Yeah, that seems about right, except to add that the products are consumable too, so that people can be expected to continue buying and selling them. Another factor assisting the easy pushing of this product type may be that they do not qualify as medications per se, so that they don’t require registration. But if people took to heart the advice of their doctors and nutritionists that, assuming an otherwise reasonably healthy diet, such supplements are largely a complete waste of money, one hopes they would also then quickly see through such scams.
Nonetheless, it would be interesting to see some representative and independently researched income figures for various levels in the Nature’s Health Products hierarchy — figures we are not likely to see any time soon.
Yes, it was a TV advert that first alerted us as well – on SABC1, if I remember correctly. What annoys us is that these people seem intent on exploiting the next-to-poorest SA population segment.
Network 21, an Amway “sponsorship”/marketing network front, once again rears its deceitful head in South Africa.
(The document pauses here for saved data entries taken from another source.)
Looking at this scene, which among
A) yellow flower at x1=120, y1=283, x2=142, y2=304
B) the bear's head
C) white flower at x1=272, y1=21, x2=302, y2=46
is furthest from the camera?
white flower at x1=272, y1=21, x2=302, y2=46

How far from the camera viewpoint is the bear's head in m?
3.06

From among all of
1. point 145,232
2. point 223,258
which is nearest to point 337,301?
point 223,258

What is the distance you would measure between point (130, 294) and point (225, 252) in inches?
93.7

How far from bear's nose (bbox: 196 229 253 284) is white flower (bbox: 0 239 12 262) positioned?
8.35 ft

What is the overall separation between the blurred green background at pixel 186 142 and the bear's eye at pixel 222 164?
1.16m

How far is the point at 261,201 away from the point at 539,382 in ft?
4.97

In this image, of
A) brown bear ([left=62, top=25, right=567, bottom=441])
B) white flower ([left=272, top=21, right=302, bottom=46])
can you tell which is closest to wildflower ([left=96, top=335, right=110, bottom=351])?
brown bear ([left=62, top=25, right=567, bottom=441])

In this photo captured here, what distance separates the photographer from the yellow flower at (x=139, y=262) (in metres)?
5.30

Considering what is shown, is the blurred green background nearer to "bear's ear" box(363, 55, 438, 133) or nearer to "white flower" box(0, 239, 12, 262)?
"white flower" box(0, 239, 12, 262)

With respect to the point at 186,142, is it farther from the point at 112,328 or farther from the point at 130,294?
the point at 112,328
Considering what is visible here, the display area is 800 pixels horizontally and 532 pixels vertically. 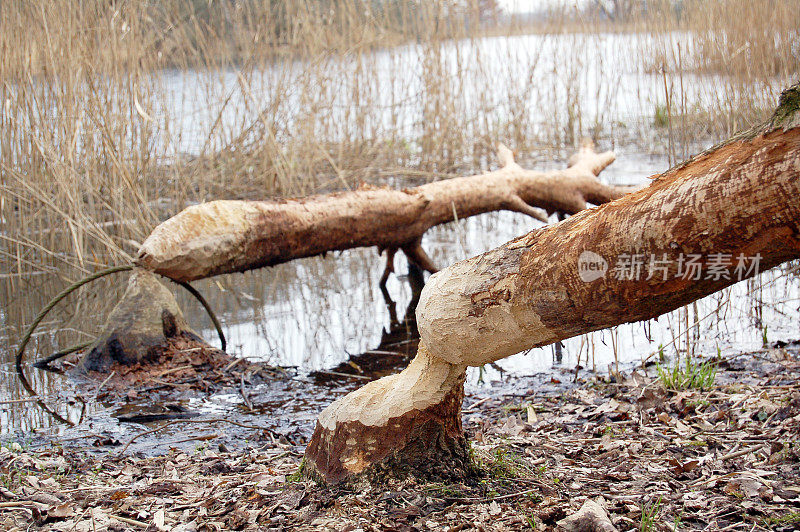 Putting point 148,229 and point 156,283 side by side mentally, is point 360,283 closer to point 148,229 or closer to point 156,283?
point 148,229

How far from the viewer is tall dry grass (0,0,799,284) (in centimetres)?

That would be the same lot who prompted the starting of this thread. The reader should have no great difficulty seeing through an assortment of misrepresentations and rhetorical subterfuges Amway deploys in the linked-to challenge/response article. The essence of the responses uniformly boils down to, “Oh, but we are so totally misunderstood!” and all of them are – not unexpectedly – tailored to make Amway look respectable. A devoted cynic might argue that such efforts are doomed to be fruitless. Elsewhere, the article’s author further explains her disdain for Amway.
A new one is U-Care. You pay R125 per month (Debit order so you can’t stop easily). A portion goes for “sponsorship” and the rest to the people above you. You have to recruit more and then you receive some. Pyramid!